Il ne sera pas contesté que la France entretient des rapports compliqués avec ses entreprises. Dans une nation qui s’est construite par et avec l’État centralisateur, la liberté d’entreprendre et l’initiative privée ne connaissent pas chez nous le culte auquel elles ont droit dans les pays anglo-saxons. Et si nous changions de focale à l’avenir ? A l’heure où nous parlons d’un meilleur “partage de la valeur”, j’appelle tous les acteurs économiques, qu’ils soient salariés, syndicats ou pouvoirs publics, au partage des valeurs de l’entrepreneuriat.
Si la “grande démission” qui nous avait été promise ne s’est finalement pas réalisée, il reste que des milliers de salariés envisagent encore aujourd’hui d’évoluer professionnellement. Je les appelle alors à devenir “intrapreneurs”, entrepreneurs pour le compte de leur employeur, afin de participer pleinement à la création de valeur ajoutée et à la définition-même des objectifs de l’entreprise. J’invite dans le même temps les chefs d’entreprise à permettre à leurs employés de devenir intrapreneurs, pour moderniser le management de leurs équipes et accélérer l’innovation en amendant les liens de subordination.
Non à la “grande démission”, oui à la “grande refondation”
Face à la perte de sens, il n’est de plus grand remède qu’une refondation de notre modèle économique. Il est plus que temps de bâtir un entrepreneuriat à la française pour répondre aux aspirations nouvelles des travailleurs.
Les entrepreneurs eux-mêmes gagneraient à emboîter le pas. Le rapport 2021-2022 du Global Entrepreneurship Monitor révèle une moindre propension de nos créateurs d’activité à s’emparer du numérique en comparaison de nos partenaires. Moins de 10% des néo-entrepreneurs français estiment en effet qu’ils utiliseront davantage le numérique dans les six prochains mois, contre 40% en Allemagne et 55% au Canada.

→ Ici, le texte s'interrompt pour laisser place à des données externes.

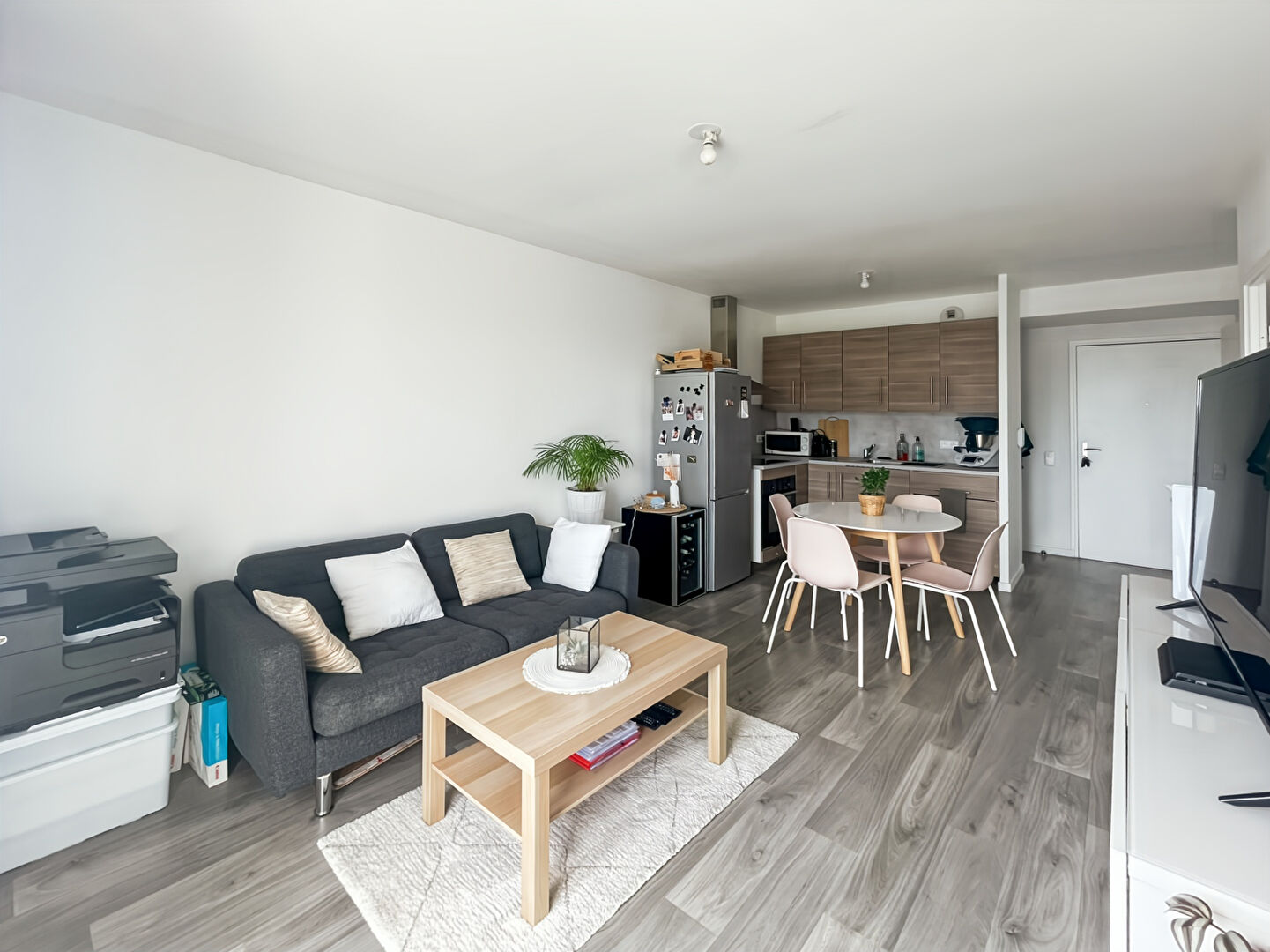 Appartement MENNECY (91540) 2 pi&egrave;ces 39.60 m&sup2;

Être entrepreneur, c’est aussi intrinsèquement vouloir changer le monde, or nous souhaitons actuellement moins le changer que d’autres : seulement 25% en France se sont lancés pour améliorer les choses, contre 50% au Royaume-Uni et 70% aux États-Unis. J’appelle donc les entrepreneurs à retrouver à la fois le goût de l’innovation et le désir ardent de changement. Nous voyons poindre ces derniers en regardant du côté de nos artisans d’excellence, qui réinventent des professions traditionnelles pour en faire des métiers à impact, qui emploient des techniques de production de pointe telles la découpe laser, l’impression en trois dimensions ou encore le fraisage numérique.
Ces efforts sont à maintenir, à intensifier même, pour redynamiser nos territoires et y faire vivre les savoir-faire combinés aux impératifs de notre siècle. Ce sont les entrepreneurs qui assument la lourde tâche de répondre aux enjeux de société actuels et à venir. Faisons-leur confiance pour remplir leur mission avec audace et innovation, en exploitant toutes les nouvelles technologies mises à leur disposition.

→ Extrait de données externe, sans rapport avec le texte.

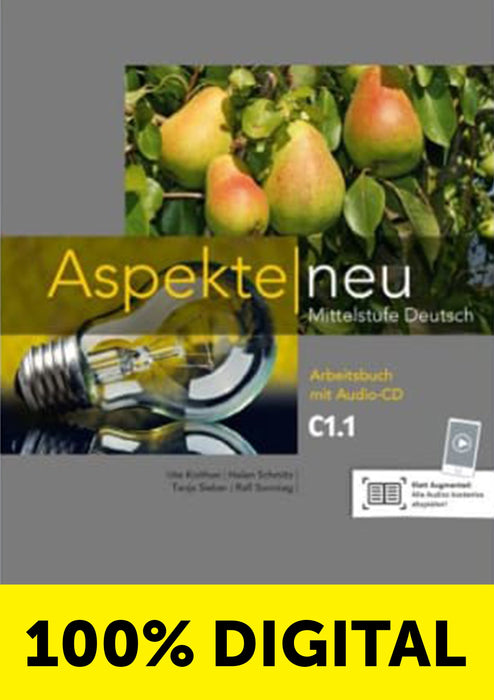 ASPEKTE NEU INTERAKTIVES ARBEITSBUCH-C1.1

Corps intermédiaires, pouvoirs publics et entreprises au service du bien commun
La refondation de notre modèle économique suppose également une révolution de notre modèle de pensée. J’appelle en premier lieu les syndicats à défendre les entreprises en même temps que les travailleurs qu’elles emploient. La réussite industrielle de notre voisin d’outre-Rhin s’explique largement par une cogestion efficace des affaires économiques et l’acceptation d’une équation logique : sans employeur, il n’y a pas de salariés. Alors que nos TPE-PME sont les premières à souffrir de l’enchaînement des crises sanitaire, économique puis énergétique, je souhaite que les entreprises cessent d’être considérées comme de simples unités de production employant la force de travailleurs. Je veux que l’on constate, au sein de chacune d’elles, les synergies qui s’y développent au quotidien, dans un intérêt commun, celui d’une réussite là encore collective.
Ce qui s’apparente à une régénération du capitalisme nécessite donc d’encourager une association renouvelée entre détenteurs du capital et de la force de travail, pour dépasser les clivages actuels. Cette revitalisation du lien entre les salariés et leur entreprise ne sera rendue possible qu’avec la participation active des forces syndicales de notre pays. Je propose en conséquence à chaque acteur syndical de se sentir, lui aussi, entrepreneur, en construisant avec les entreprises les programmes de formation aux métiers d’avenir et en modernisant un dialogue social actuellement boudé par une grande majorité des salariés eux-mêmes.
L’État est enfin un acteur incontournable de l’avènement d’un entrepreneuriat à la française. J’appelle pour ce faire à simplifier les normes existantes s’appliquant aux entreprises et à faire preuve de retenue législative chaque fois qu’une bonne intention se transforme en bureaucratie chronophage pour ceux ayant la flamme entrepreneuriale. Pour reprendre le rapport précédemment cité, seulement 52% de nos concitoyens estiment qu’il est facile de démarrer et mener une activité indépendante en France, à comparer au score de 70% aux États-Unis, 75% au Royaume-Uni et 85% aux Pays-Bas ! Dans le même temps, la multiplication des structures et des dispositifs amène chaque année 36% des néo-entrepreneurs à ne pas se former préalablement au démarrage de leur activité, faute d’avoir trouvé une information adéquate, d’après l’Insee.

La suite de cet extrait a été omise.